[Dataset items]
--------

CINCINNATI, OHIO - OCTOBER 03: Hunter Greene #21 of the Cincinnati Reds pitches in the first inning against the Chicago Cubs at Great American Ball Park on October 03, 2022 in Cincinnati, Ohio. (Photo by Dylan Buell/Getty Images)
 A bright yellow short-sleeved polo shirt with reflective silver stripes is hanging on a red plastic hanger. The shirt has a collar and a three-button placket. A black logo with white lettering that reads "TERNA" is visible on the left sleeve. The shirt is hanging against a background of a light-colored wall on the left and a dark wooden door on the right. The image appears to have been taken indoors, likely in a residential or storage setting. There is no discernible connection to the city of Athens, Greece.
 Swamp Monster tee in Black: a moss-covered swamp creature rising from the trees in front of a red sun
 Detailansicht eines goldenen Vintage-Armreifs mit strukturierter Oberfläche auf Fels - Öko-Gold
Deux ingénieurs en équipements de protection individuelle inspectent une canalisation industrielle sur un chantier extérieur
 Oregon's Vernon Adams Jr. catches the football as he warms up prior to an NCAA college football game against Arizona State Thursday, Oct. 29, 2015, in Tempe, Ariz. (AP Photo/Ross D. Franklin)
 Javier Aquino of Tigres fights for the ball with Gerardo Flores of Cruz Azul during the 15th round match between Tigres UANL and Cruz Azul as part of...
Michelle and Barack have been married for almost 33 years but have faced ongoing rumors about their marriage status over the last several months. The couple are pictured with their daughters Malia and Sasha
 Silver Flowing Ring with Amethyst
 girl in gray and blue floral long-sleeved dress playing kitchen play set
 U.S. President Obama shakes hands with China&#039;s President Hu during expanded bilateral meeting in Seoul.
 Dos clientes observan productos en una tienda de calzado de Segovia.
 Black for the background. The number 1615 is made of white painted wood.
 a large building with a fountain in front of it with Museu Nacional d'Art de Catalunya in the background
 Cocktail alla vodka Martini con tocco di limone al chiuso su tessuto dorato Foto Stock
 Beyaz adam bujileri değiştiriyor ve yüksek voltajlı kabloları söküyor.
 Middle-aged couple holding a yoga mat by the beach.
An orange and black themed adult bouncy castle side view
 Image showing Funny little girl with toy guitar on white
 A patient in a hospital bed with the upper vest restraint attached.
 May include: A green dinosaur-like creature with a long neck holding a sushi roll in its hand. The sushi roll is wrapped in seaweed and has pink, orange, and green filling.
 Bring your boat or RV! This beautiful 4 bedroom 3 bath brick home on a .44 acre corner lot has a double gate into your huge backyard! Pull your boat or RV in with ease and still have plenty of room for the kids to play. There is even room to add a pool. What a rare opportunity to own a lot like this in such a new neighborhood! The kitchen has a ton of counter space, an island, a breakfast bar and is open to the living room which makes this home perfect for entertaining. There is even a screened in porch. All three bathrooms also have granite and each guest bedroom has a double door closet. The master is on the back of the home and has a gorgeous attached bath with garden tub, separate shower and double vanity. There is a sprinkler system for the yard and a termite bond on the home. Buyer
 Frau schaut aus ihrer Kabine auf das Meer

--------

▶ [Your instructions]: One stretch of the lines above is wanted, from the line that contains "Michelle and Barack" through the line that contains "May include: A". Output it exactly.

▶ [Your response]:
Michelle and Barack have been married for almost 33 years but have faced ongoing rumors about their marriage status over the last several months. The couple are pictured with their daughters Malia and Sasha
 Silver Flowing Ring with Amethyst
 girl in gray and blue floral long-sleeved dress playing kitchen play set
 U.S. President Obama shakes hands with China&#039;s President Hu during expanded bilateral meeting in Seoul.
 Dos clientes observan productos en una tienda de calzado de Segovia.
 Black for the background. The number 1615 is made of white painted wood.
 a large building with a fountain in front of it with Museu Nacional d'Art de Catalunya in the background
 Cocktail alla vodka Martini con tocco di limone al chiuso su tessuto dorato Foto Stock
 Beyaz adam bujileri değiştiriyor ve yüksek voltajlı kabloları söküyor.
 Middle-aged couple holding a yoga mat by the beach.
An orange and black themed adult bouncy castle side view
 Image showing Funny little girl with toy guitar on white
 A patient in a hospital bed with the upper vest restraint attached.
 May include: A green dinosaur-like creature with a long neck holding a sushi roll in its hand. The sushi roll is wrapped in seaweed and has pink, orange, and green filling.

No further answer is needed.